Prior to the Adenosine Vasodilator Independent Stenosis Evaluation (ADVISE) registry FFR had never been systematically studied in clinically relevant patient populations.⁴⁴ The mean FFR values in the Fractional Flow Reserve versus Angiography for Guiding Percutaneous Coronary Intervention (FAME) and FAME II studies were 0.71 and 0.64, respectively; significantly lower than mean FFR values in contemporary studies that have included intermediate lesions.^24,44 This suggests that the FAME populations are significantly different from the patients we assess in clinical practice today.

To address this, iFR clinical outcome studies have been designed to centre on clinically relevant patient populations. Their inclusion and exclusion criteria are aimed at truly capturing the patients in whom physiology is performed in clinical practice. As a result, regardless of iFR, DEFINE-FLAIR (NCT02053038, see Figure 4) and iFR SWEDEHEART (NCT02166736) will provide the first and largest prospective real-world randomised controlled trial database for FFR in clinically relevant patient populations.

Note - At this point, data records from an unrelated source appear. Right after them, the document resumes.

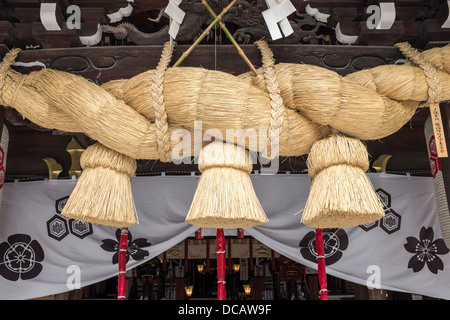 Shimenawa Kushida Shrine Fukuoka Kyushu au Japon Banque D'Images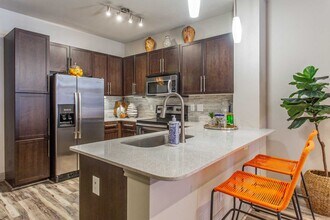 Building Photo - Modern Style, Prime Location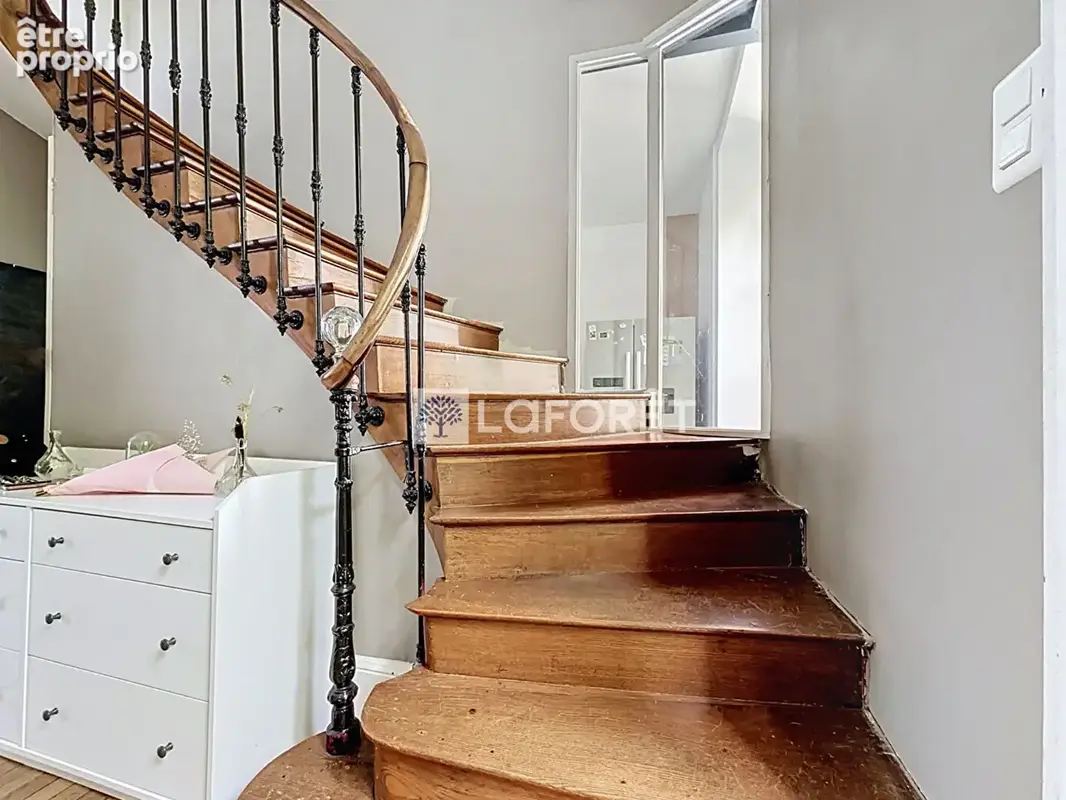 Belle Maison de caractère au coeur de Parthenay ! - photo 12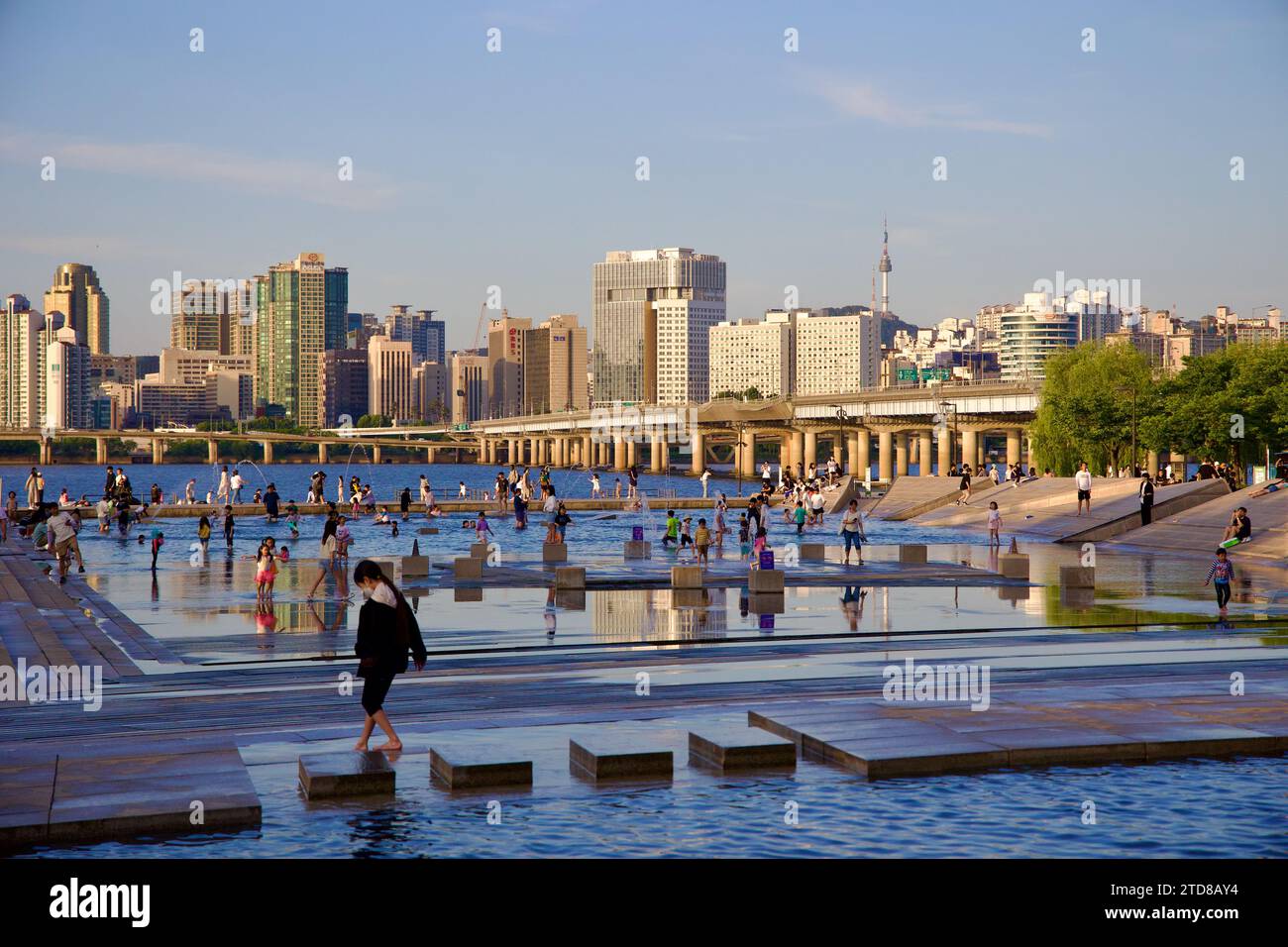 Seoul, South Korea - June 3, 2023: The enchanting Waterlight Square Fountain at Yeouido Hangang Park captivates visitors with its harmonious blend of Stock Photo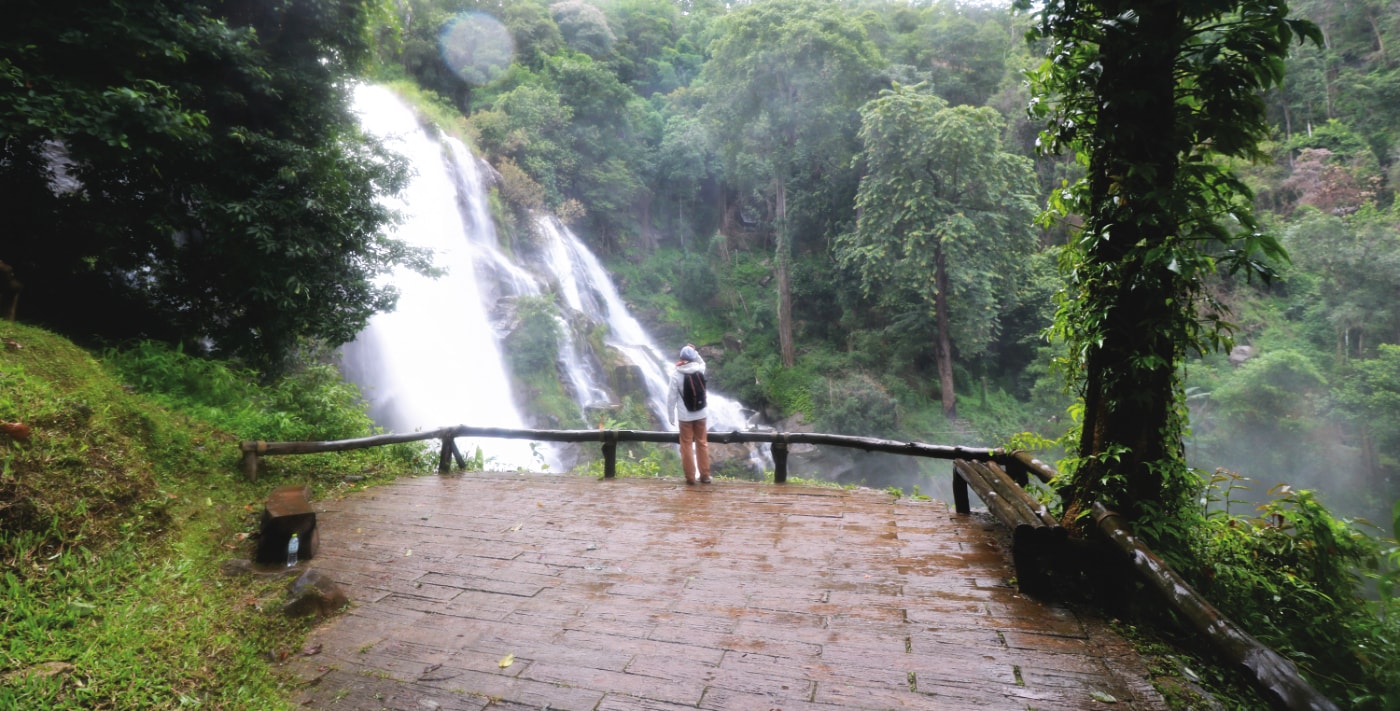 Großer Wasserfall im Doi Inthanon Nationalpark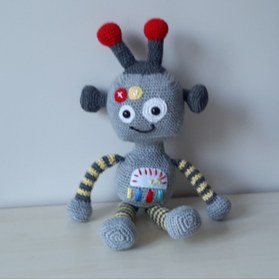 Resim nildamigurumi Amigurumi Örgü Oyuncak Robot Starbot 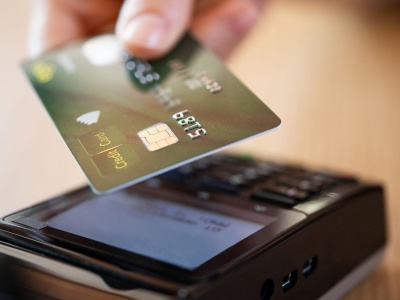 Nigdy nie rób tego w restauracji. Ten błąd może kosztować setki złotych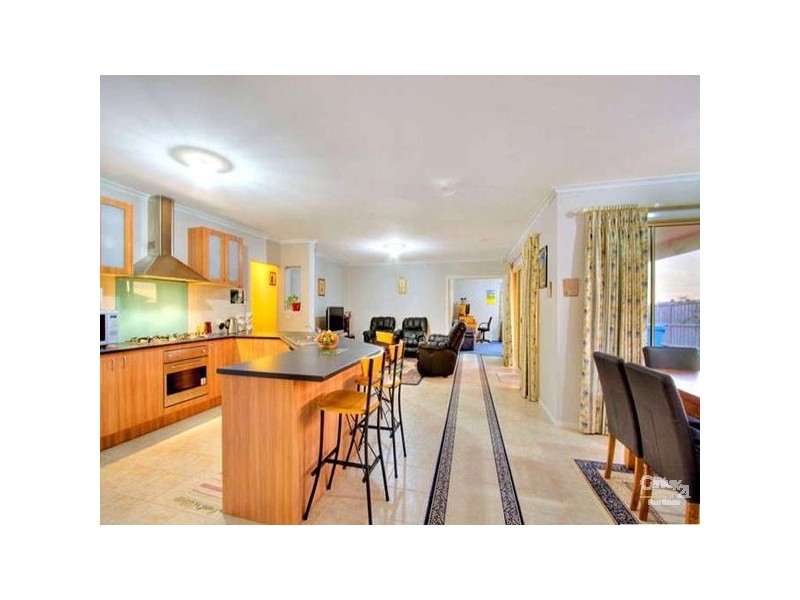 5 Highvale Crescent, Berwick VIC 3806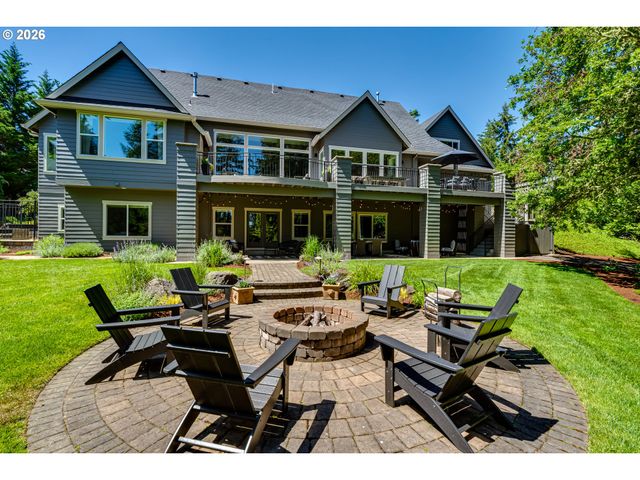 3944 LOS ALTOS Ln, Eugene, OR 97405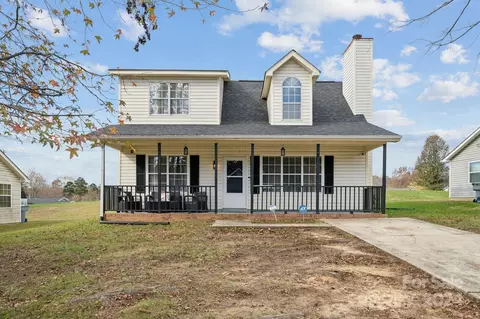 1324 Eagles Landing Dr, Charlotte, NC 28214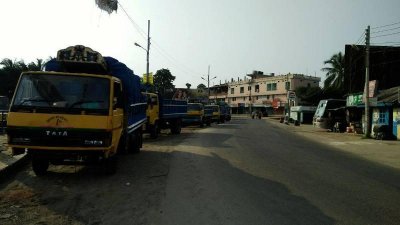 নিরাপদে চলাচলের দাবিতে রাঙামাটিতে পরিবহন ধর্মঘট চলছে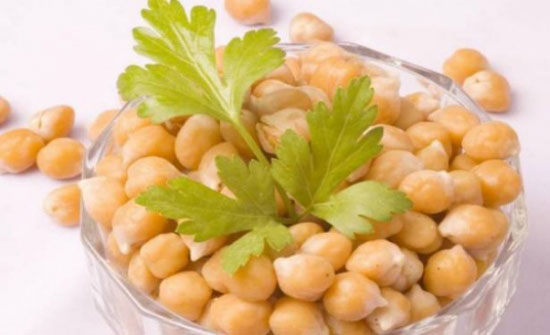 لماذا ينصح الأطباء النساء بتناول الحمص؟ لماذا ينصح الأطباء النساء بتناول الحمص؟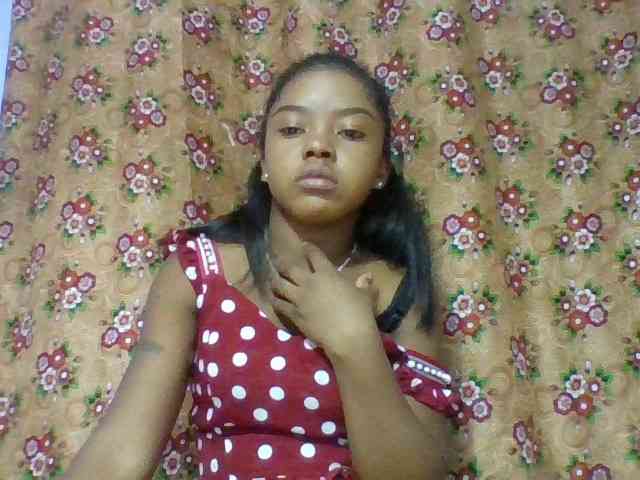 Elysa7 Live Webcam on BongaCams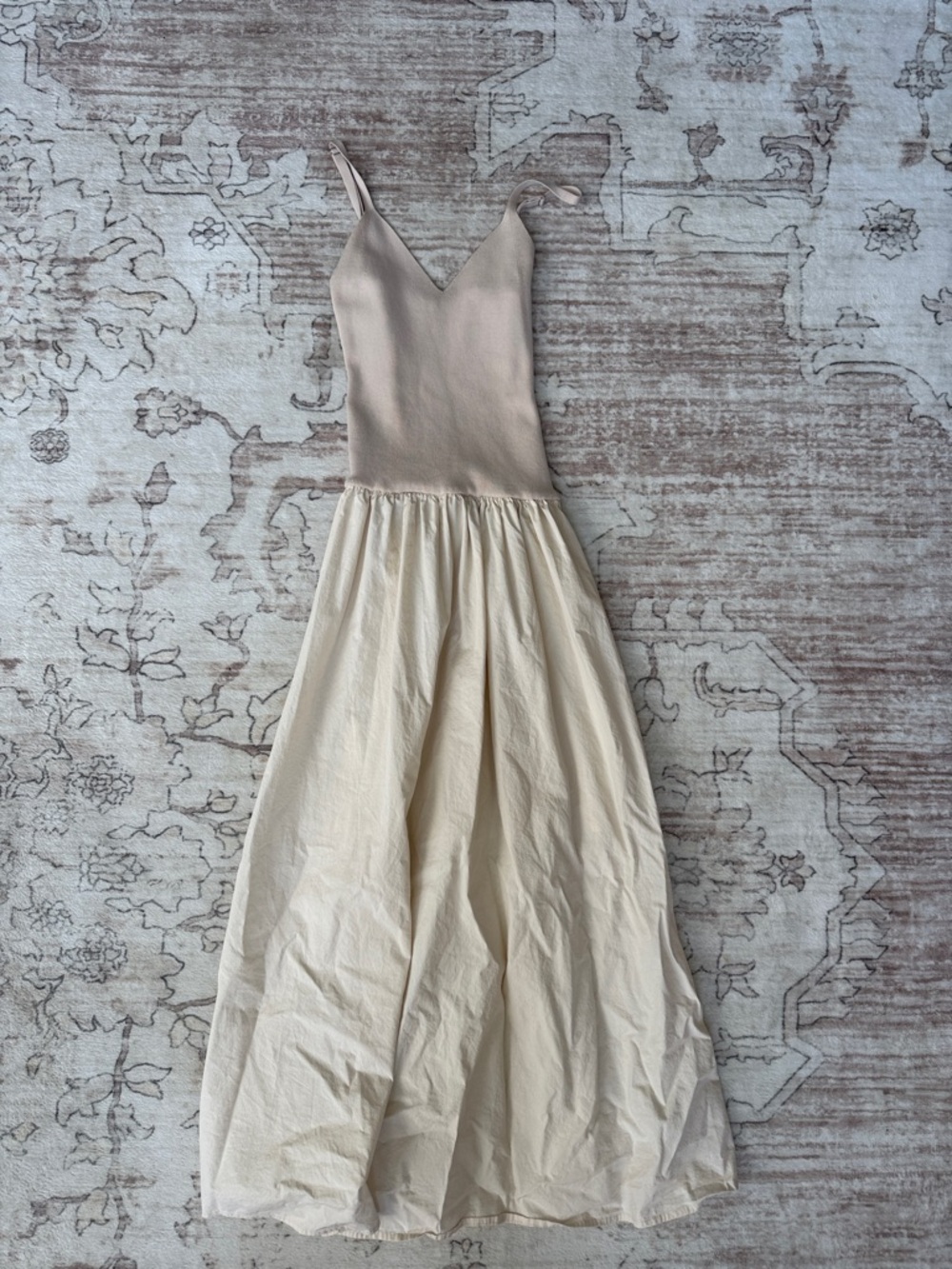 MOON RIVER Beige Two-Tone V-Neck Maxi Dress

In addition there are several other unique aspects of these studies that will have direct clinical impact:

1. They will provide the largest prospective evaluation of physiology to guide revascularisation in non-culprit vessels in acute coronary syndrome patients.
2. They will provide the largest prospective evaluation of post-percutaneous coronary intervention (PCI) physiology assessment to predict clinical outcomes.
3. They will provide the largest prospective evaluation of physiology to guide multi-vessel revascularisation. Combined, these studies will include at least three times the number of patients in FAME I and FAME II combined.
4. FLAIR includes over 40 centres in over 18 countries and will therefore provide the first and largest prospective comparison of physiology outcomes between different global geographical regions.
5. These studies will also provide a contemporary insight into the outcomes of the major clinical patient subsets of diabetes, renal failure and hypertension.

DEFINE-FLAIR and iFR SWEDEHEART will therefore provide a definitive prospective assessment of the role of both iFR and FFR in clinical practice and address some of the major uncertainties hitherto unaddressed in this field.

Regardless of the current debate upon the physiology of basal versus hyperaemia indices the data from these studies will definitively answer if hyperaemia is still required to safely assess stenosis severity and guide revascularisation. Given the simplicity and reduced uncertainty of iFR assessment they therefore have the potential to dramatically increase the adoption of physiology, finally permitting realisation of the clear health and cost benefits of such an approach.